- _STORED DATA_
+-------+
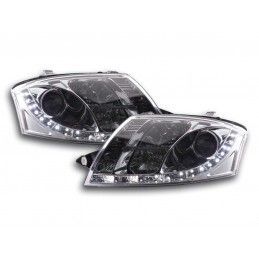 Phare Daylight LED DRL look Audi TT type 8N 99-06 chrome, Eclairage Audi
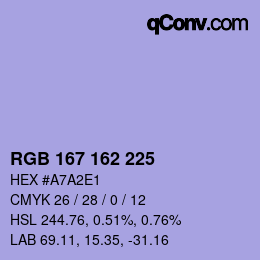 Color code: RGB 167 162 225 | qconv.com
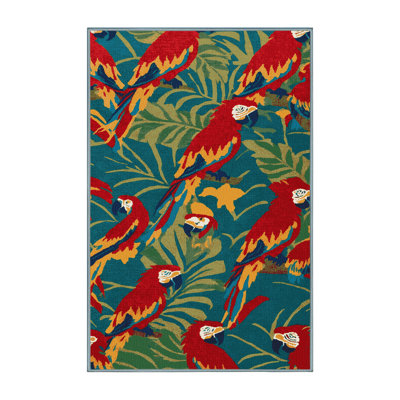 Washable Macaws Hawaiian Area Rug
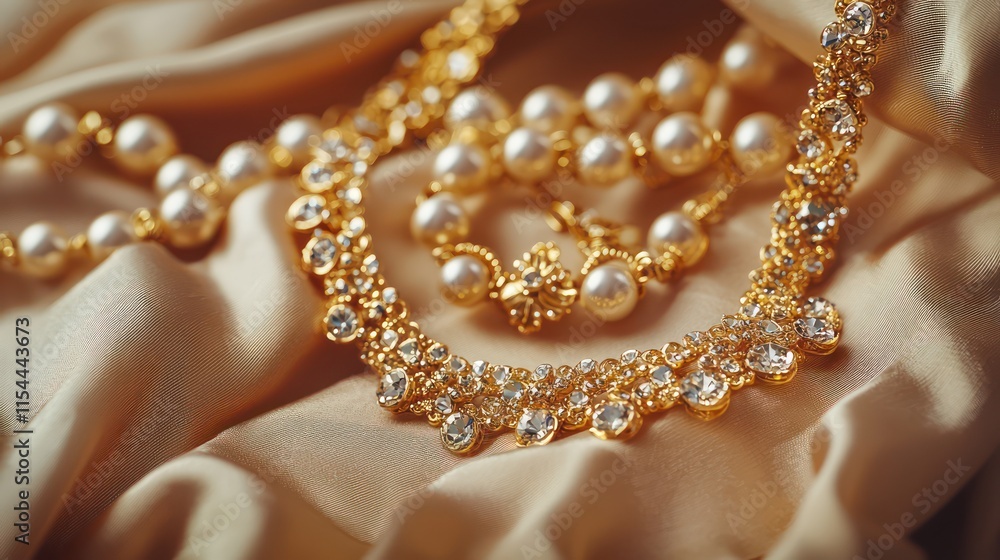 Stylish golden bijouterie close-up, beautifully arranged on light brown fabric, exuding luxury. Stylish golden bijouterie close-up, beautifully arranged on light brown fabric, exuding luxury.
+-------+
- _WHAT THE EXERCISE ASKS_
From the line containing "Color code: RGB 167 162 225 | qconv.com" to the last line of the listing above, transcribe each line exactly, skipping the pictures.

- _TASK SOLUTION_
 Color code: RGB 167 162 225 | qconv.com
 Washable Macaws Hawaiian Area Rug
 Stylish golden bijouterie close-up, beautifully arranged on light brown fabric, exuding luxury. Stylish golden bijouterie close-up, beautifully arranged on light brown fabric, exuding luxury.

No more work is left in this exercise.